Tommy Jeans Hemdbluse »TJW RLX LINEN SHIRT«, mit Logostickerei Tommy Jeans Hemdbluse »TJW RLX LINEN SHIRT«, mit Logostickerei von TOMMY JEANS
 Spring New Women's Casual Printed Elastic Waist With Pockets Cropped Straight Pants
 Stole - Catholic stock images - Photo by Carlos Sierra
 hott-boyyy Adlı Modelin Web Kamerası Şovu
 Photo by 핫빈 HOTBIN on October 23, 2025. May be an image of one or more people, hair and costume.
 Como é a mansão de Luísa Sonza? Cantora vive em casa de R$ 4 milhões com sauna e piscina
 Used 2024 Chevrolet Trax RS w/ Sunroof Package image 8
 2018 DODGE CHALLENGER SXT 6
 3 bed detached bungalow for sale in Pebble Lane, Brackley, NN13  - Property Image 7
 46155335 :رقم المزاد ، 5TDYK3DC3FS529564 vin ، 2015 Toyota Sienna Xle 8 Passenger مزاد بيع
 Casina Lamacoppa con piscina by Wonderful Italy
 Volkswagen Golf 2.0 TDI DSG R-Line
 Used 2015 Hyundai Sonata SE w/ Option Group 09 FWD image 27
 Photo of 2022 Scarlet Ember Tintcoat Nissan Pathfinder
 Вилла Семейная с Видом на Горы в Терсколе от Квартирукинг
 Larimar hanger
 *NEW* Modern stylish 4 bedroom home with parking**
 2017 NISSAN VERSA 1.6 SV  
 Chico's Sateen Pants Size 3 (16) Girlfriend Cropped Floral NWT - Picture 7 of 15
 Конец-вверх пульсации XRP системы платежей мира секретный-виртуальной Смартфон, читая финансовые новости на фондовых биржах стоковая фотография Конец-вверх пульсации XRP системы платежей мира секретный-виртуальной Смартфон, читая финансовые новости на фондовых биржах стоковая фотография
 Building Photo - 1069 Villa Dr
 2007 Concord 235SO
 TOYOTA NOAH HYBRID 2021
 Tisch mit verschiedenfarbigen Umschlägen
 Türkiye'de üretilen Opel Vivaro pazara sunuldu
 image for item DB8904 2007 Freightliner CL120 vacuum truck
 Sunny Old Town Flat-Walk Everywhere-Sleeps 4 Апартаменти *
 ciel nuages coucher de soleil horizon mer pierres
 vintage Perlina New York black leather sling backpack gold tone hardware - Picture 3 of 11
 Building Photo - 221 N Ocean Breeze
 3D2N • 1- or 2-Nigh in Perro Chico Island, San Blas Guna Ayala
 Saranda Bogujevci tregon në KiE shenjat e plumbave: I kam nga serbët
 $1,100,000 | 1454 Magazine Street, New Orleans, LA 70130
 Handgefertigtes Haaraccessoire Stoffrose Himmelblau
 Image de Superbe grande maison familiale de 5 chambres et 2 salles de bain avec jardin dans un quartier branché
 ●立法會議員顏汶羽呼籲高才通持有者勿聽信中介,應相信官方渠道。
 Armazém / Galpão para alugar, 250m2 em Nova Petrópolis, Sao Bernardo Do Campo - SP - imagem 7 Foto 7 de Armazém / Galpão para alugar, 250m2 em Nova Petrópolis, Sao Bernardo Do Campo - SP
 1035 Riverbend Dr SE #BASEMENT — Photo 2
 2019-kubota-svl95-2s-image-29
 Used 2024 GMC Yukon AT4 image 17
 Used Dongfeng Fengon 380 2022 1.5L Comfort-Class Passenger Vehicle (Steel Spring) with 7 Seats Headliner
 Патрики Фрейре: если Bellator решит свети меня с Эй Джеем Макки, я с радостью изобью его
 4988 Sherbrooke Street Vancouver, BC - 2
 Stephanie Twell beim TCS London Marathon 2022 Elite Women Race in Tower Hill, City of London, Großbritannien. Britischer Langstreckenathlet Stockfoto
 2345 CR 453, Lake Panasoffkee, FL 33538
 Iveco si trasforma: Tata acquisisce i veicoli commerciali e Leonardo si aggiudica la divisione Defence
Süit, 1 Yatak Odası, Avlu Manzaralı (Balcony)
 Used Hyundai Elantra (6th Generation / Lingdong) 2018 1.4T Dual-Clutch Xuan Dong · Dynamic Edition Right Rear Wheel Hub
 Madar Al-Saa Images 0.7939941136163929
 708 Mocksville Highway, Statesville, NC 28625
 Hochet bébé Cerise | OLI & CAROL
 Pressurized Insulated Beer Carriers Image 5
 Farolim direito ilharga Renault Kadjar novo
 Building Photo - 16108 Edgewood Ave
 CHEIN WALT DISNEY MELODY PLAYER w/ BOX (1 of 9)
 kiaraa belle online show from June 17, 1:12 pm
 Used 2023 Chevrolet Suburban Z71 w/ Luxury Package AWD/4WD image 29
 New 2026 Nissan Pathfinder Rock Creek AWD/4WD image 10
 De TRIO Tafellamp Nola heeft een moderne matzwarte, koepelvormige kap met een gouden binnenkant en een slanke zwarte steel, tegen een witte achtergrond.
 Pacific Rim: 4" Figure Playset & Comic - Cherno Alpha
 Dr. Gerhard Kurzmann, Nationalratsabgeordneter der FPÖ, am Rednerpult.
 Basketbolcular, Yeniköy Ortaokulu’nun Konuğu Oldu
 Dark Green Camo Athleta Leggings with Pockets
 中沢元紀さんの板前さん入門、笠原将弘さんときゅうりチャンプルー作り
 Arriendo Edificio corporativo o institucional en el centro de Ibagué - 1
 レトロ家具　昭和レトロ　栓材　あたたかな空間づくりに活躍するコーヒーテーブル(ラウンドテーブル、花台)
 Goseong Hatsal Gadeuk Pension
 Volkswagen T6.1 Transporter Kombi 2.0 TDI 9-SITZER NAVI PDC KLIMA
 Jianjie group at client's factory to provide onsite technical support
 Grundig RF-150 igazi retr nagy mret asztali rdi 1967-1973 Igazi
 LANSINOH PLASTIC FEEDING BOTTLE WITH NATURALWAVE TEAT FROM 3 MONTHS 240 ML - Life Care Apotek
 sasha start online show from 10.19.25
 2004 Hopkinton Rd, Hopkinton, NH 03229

◆ **What is expected**
Take every line from the data above that holds "Women" and copy it out.

◆ **Completed exercise**
 Spring New Women's Casual Printed Elastic Waist With Pockets Cropped Straight Pants
 Stephanie Twell beim TCS London Marathon 2022 Elite Women Race in Tower Hill, City of London, Großbritannien. Britischer Langstreckenathlet Stockfoto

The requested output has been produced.